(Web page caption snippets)
--------

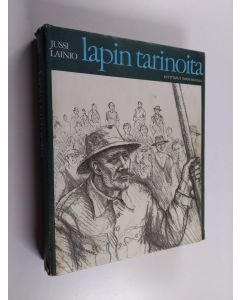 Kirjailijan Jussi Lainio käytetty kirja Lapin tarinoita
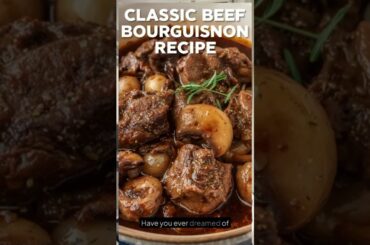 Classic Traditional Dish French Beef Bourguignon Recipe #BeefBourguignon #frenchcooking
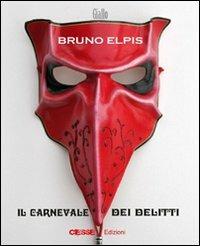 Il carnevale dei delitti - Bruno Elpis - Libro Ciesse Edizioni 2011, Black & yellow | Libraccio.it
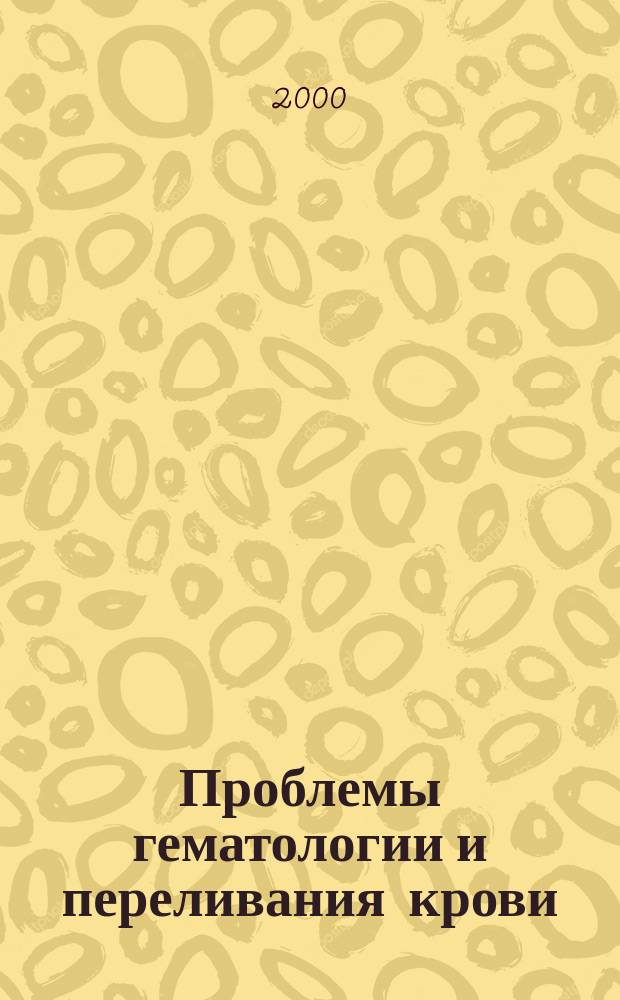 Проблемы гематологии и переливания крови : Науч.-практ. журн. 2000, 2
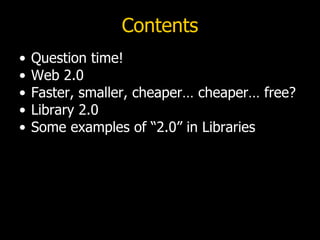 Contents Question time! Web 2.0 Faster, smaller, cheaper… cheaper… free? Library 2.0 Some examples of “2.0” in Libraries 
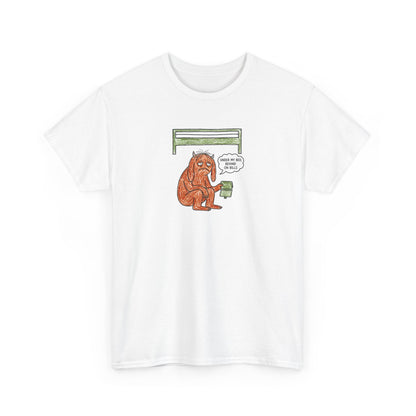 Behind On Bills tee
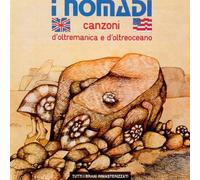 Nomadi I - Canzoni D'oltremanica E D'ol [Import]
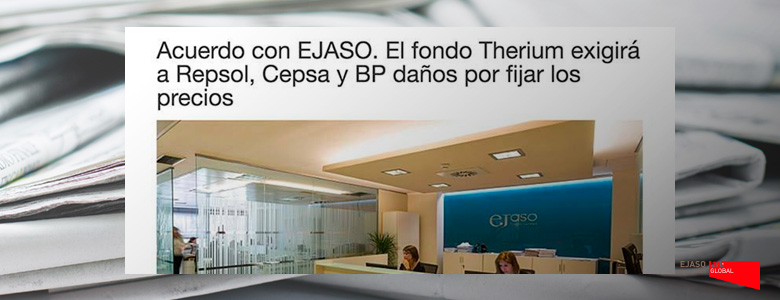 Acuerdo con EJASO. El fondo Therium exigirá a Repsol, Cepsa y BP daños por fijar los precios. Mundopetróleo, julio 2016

--------

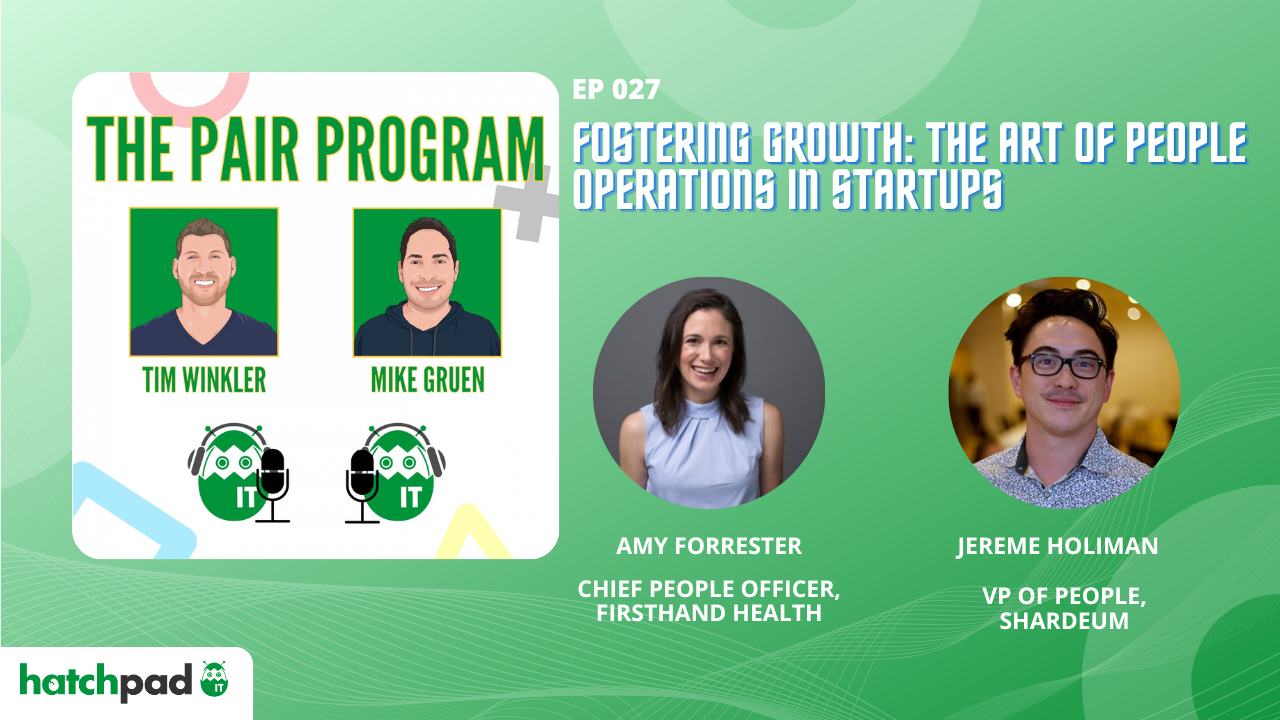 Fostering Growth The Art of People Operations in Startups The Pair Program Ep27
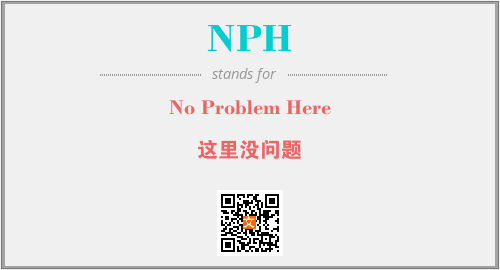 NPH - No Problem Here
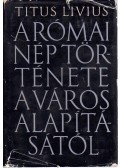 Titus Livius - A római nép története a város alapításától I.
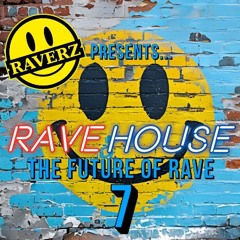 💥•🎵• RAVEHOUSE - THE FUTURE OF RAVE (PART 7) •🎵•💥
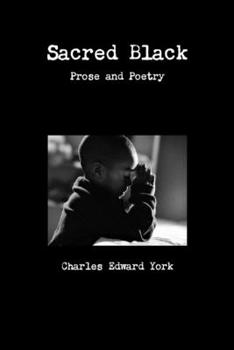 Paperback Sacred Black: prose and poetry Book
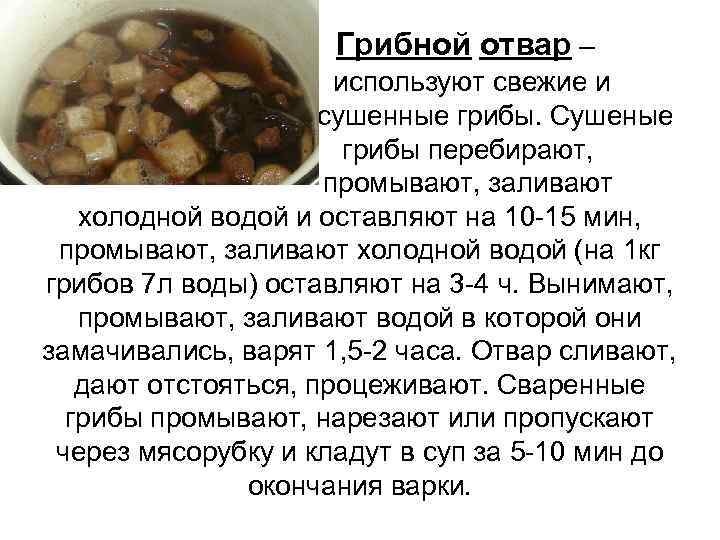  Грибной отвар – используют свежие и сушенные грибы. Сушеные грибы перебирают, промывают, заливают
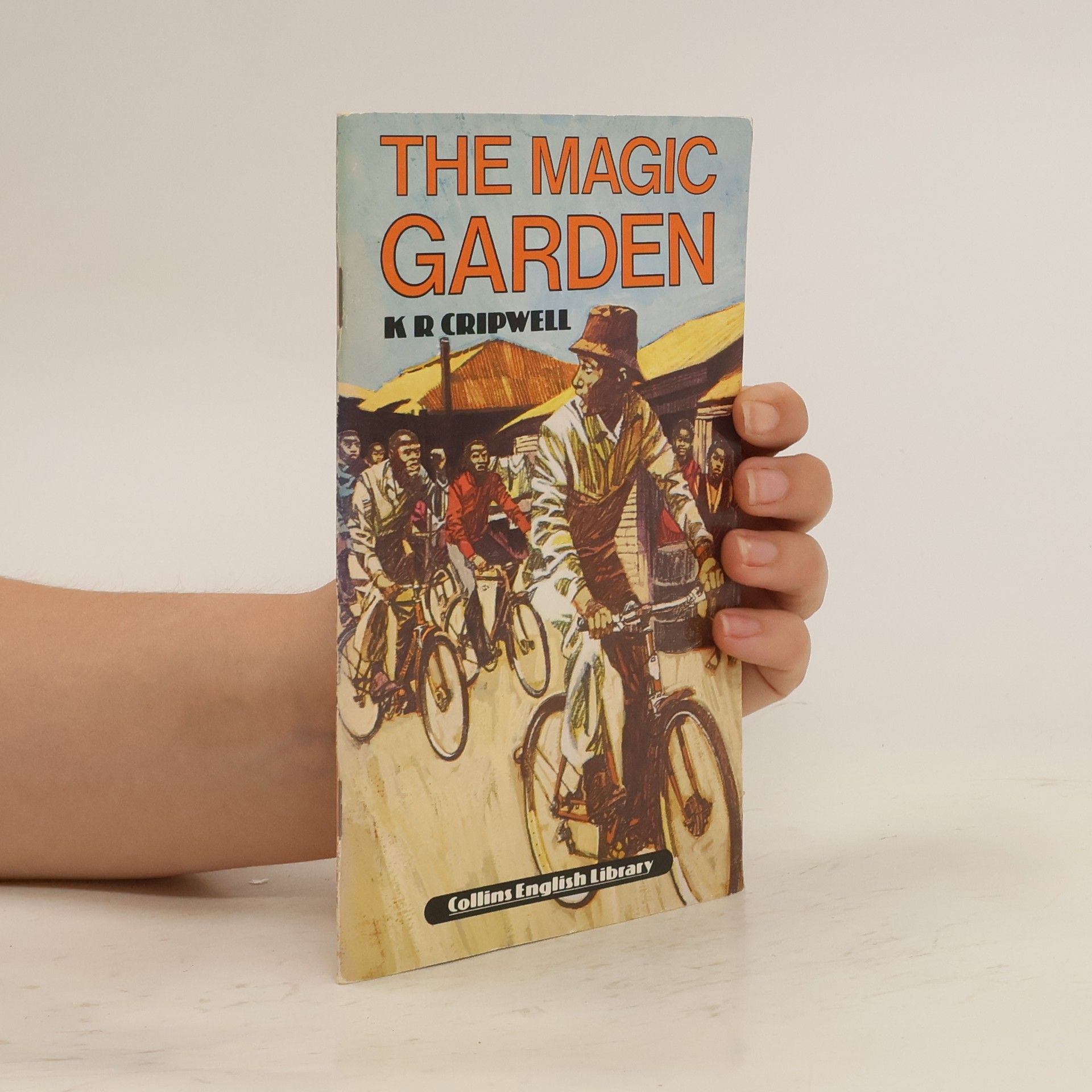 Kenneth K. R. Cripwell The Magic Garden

--------

**Instructions for the task:** Repeat exactly the lines above, from the line that contains "Nomadi I - Canzoni" down through the line that contains "Acuerdo con EJASO.". Include both of those lines and none of the pictures.

**Finished task:**
 Nomadi I - Canzoni D'oltremanica E D'ol [Import]
 Acuerdo con EJASO. El fondo Therium exigirá a Repsol, Cepsa y BP daños por fijar los precios. Mundopetróleo, julio 2016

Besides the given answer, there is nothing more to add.